English wallflowers, relatives of mustard, are perennials in mild winter areas. But they are most often grown for cool season display. Sweetly fragrant, they're grown by the millions in England.
Description of English wallflower: Wallflowers grow from 1 to 21/2 feet tall. Many-branched, they're topped by showy terminal spikes in many colors -- ranging from creamy white through yellows, oranges, tans and browns, to chestnut red. Some varieties are double.
Growing English wallflower: Wallflowers do best in average, moist soil in sun or partial shade in areas where the nighttime summer temperatures are below 65 degrees Fahrenheit. Space 12 to 15 inches apart.
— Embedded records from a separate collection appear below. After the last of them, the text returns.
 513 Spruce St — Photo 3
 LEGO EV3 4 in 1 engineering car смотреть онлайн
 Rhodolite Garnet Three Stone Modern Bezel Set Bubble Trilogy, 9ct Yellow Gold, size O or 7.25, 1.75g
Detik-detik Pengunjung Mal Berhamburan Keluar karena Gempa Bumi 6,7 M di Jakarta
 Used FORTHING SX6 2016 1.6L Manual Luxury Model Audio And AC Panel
Elsewhere they are best for cool season display in spring or fall. They winter over in Zones 8, 9, and 10.
Propagating English wallflower: By seed. When grown as annuals, sow seeds indoors 6 to 8 weeks before the last frost is expected. Germination takes 5 to 7 days at 55 to 65 degrees Fahrenheit. When transplanting to individual pots, pinch out the tip of the tap root to encourage a bushy root system. Sow seeds in July or August so that plants can winter over for the earliest spring flowering.
Uses for English wallflower: Plant wallflowers in rock gardens, beds, and borders. They are also pleasant by sidewalks and doorsteps. Wallflowers will bloom all winter in a cool room in sunlight. They make good cut flowers, too.
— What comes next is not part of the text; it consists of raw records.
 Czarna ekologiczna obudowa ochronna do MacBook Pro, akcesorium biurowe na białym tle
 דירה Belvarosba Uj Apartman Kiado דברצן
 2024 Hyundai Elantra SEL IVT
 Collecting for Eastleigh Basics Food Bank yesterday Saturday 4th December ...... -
English wallflower related species: Erysimum hieraciifolium (Cheiranthus allioni) is the closely related Siberian wallflower. There are a number of varieties, including Early Wonder Mixed Colors.
English wallflower related varieties: Separate, named varieties include: Blood Red, Cloth of Gold, Eastern Queen (salmon-red), White Dame, and Fire King (orange-scarlet). Available mixtures are: Bedding Mixed, growing up to 18 inches and Double Dwarf Mixed, staying below 15 inches.